DATA TO EXAMINE:
###
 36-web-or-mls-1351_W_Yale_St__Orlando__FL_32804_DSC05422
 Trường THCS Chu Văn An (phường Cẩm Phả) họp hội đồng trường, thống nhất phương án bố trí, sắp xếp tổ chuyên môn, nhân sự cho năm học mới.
###
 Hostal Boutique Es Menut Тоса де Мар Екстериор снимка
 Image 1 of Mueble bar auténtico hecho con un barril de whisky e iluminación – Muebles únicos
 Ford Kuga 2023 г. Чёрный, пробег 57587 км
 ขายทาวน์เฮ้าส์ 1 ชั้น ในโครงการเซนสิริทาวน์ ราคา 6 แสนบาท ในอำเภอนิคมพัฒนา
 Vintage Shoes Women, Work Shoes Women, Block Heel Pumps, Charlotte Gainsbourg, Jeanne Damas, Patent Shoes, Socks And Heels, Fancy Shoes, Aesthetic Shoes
###
WHAT IS EXPECTED: In the entries above, the lines between the one holding "36-web-or-mls-1351_W_Yale_St__Orlando__FL_32804_DSC05422" and the one holding "Trường THCS Chu", inclusive, are to be printed exactly as written, and those alone.

ANSWER FOR THE TASK:
 36-web-or-mls-1351_W_Yale_St__Orlando__FL_32804_DSC05422
 Trường THCS Chu Văn An (phường Cẩm Phả) họp hội đồng trường, thống nhất phương án bố trí, sắp xếp tổ chuyên môn, nhân sự cho năm học mới.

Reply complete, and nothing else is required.